In May 2017, the FASB issued ASU 2017-09, “Compensation-Stock Compensation”, to provide clarity and reduce complexity on when to apply modification accounting to existing share based payment awards. The guidance was applied prospectively. The Company adopted this standard in the year ended December 31, 2018. This accounting standards update does not have a material impact on its consolidated financial statements.

2. SUMMARY OF SIGNIFICANT ACCOUNTING POLICIES (Continued)

(y)            Adoption of New Accounting Standards (continued)

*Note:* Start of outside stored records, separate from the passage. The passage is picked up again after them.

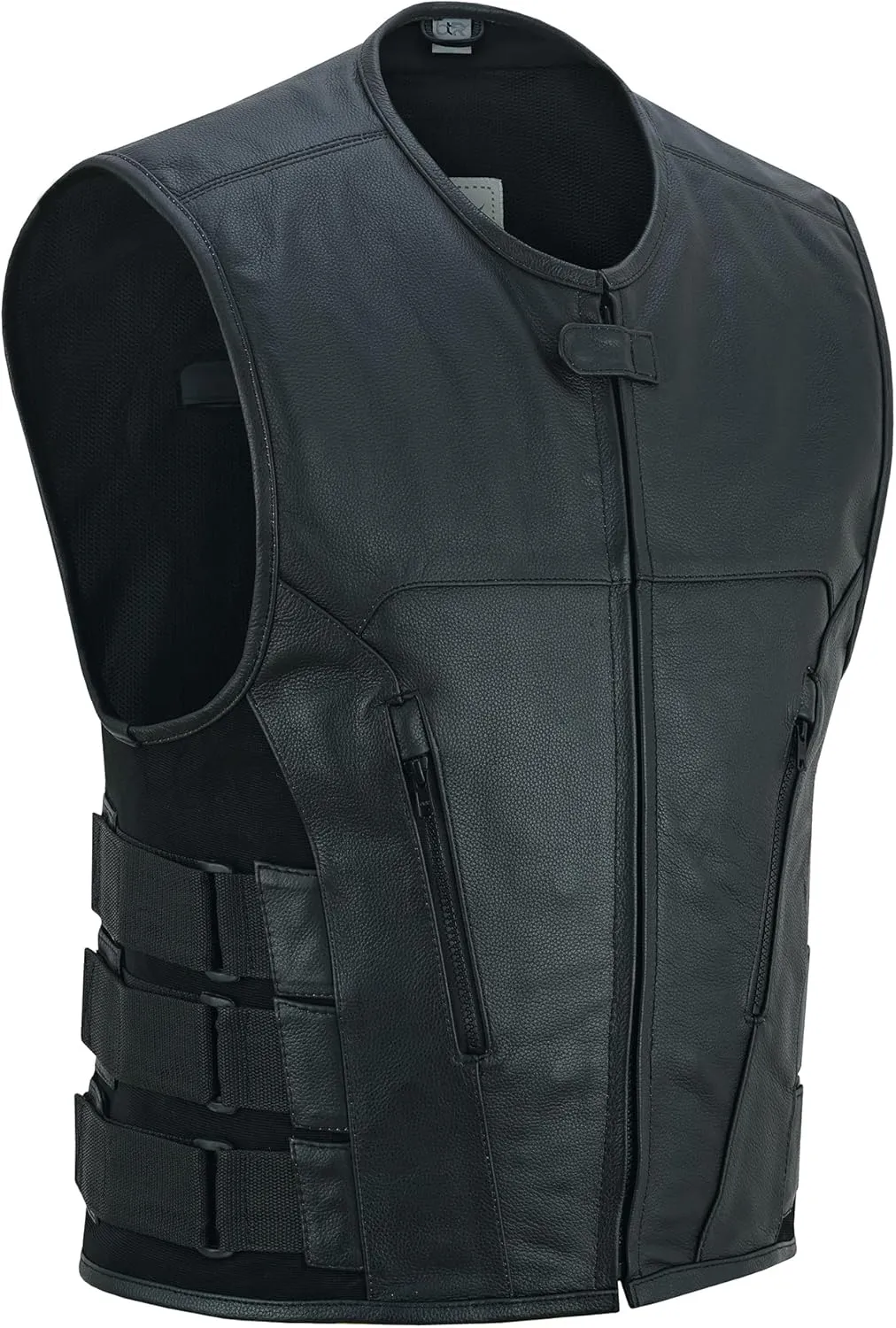 Men's Motorcycle Biker Riding Leather Adjustable Vest Stylish Black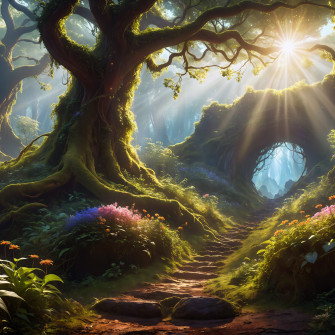 Mystical Forest Wallpaper 4k Path Sunlight Ai Art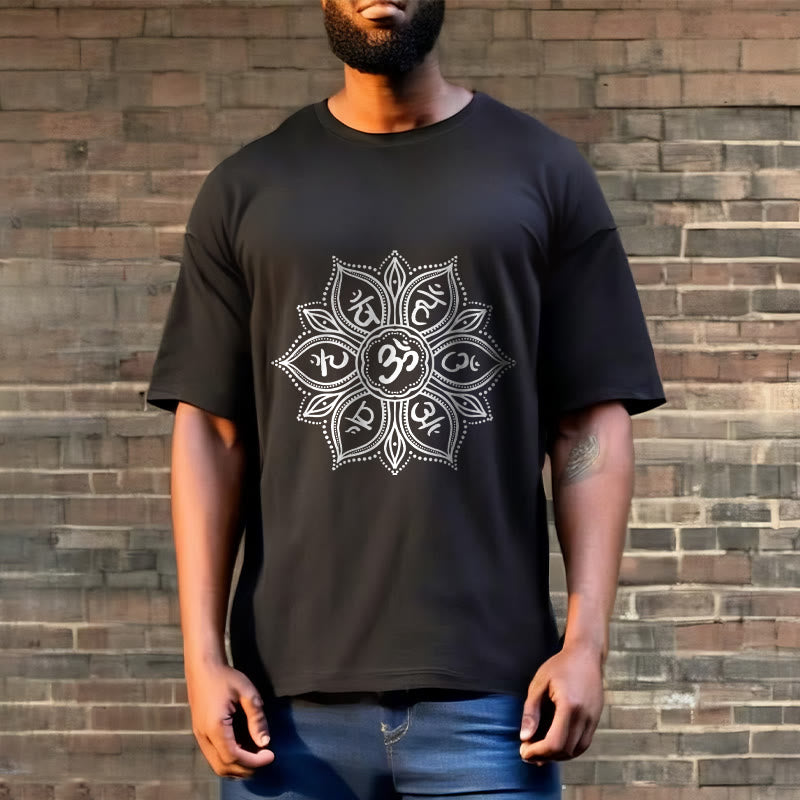 T-shirt Buddha Stones Mandala Flower Om Mani Padme Hum Mantra Tee - image 6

In February 2016, the FASB issued ASU 2016-02, Leases (Topic 842), which requires lessees to recognize a right-of-use asset and lease liability on their balance sheet for all leases with terms beyond twelve months. The new standard also requires enhanced disclosures that will provide more transparency and information to financial statement users about the Company’s lease portfolio. For finance leases, lessees will continue to recognize interest expense on the lease liability using the effective yield method, while the right-of-use asset will be amortized on a straight-line basis. For operating leases, expense will be recognized on a straight-line basis, consistent with the previous standard. Effective January 1, 2019, the Company adopted the requirements of this ASU using the modified retrospective approach. The Company elected the transition package of practical expedients permitted within the standard. As a result, the Company did not reassess initial direct costs, lease classification, or whether the contracts contain or are leases. The adoption on January 1, 2019 resulted in the recognition of an operating lease liability and related right-of-use asset on the Company’s balance sheet of approximately RMB768 million and RMB844 million. The consolidated financial statements for the year ended December 31, 2019 are presented under the new standard, while comparative periods presented have not been adjusted and continue to be reported in accordance with the previous standard. See Note 7 for additional disclosures required by this ASU.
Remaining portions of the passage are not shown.